Task data =
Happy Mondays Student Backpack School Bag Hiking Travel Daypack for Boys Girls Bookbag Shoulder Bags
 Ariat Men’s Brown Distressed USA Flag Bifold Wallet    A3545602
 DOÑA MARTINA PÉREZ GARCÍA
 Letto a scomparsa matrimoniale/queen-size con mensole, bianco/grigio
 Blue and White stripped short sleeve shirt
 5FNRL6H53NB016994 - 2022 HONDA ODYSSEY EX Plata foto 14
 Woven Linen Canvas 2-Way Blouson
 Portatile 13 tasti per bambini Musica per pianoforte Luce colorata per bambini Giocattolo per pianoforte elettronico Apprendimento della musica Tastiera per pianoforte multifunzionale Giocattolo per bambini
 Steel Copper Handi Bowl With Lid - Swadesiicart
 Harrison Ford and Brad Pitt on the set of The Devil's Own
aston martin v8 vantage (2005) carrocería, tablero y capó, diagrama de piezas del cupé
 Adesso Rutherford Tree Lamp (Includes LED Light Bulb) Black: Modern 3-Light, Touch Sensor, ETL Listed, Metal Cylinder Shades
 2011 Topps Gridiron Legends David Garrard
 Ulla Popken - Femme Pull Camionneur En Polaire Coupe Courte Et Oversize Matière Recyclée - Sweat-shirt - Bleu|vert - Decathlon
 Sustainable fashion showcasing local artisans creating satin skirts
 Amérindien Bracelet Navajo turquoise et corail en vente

What needs to be done = The whole of the data must be given back word for word.

Answer below =
Happy Mondays Student Backpack School Bag Hiking Travel Daypack for Boys Girls Bookbag Shoulder Bags
 Ariat Men’s Brown Distressed USA Flag Bifold Wallet    A3545602
 DOÑA MARTINA PÉREZ GARCÍA
 Letto a scomparsa matrimoniale/queen-size con mensole, bianco/grigio
 Blue and White stripped short sleeve shirt
 5FNRL6H53NB016994 - 2022 HONDA ODYSSEY EX Plata foto 14
 Woven Linen Canvas 2-Way Blouson
 Portatile 13 tasti per bambini Musica per pianoforte Luce colorata per bambini Giocattolo per pianoforte elettronico Apprendimento della musica Tastiera per pianoforte multifunzionale Giocattolo per bambini
 Steel Copper Handi Bowl With Lid - Swadesiicart
 Harrison Ford and Brad Pitt on the set of The Devil's Own
aston martin v8 vantage (2005) carrocería, tablero y capó, diagrama de piezas del cupé
 Adesso Rutherford Tree Lamp (Includes LED Light Bulb) Black: Modern 3-Light, Touch Sensor, ETL Listed, Metal Cylinder Shades
 2011 Topps Gridiron Legends David Garrard
 Ulla Popken - Femme Pull Camionneur En Polaire Coupe Courte Et Oversize Matière Recyclée - Sweat-shirt - Bleu|vert - Decathlon
 Sustainable fashion showcasing local artisans creating satin skirts
 Amérindien Bracelet Navajo turquoise et corail en vente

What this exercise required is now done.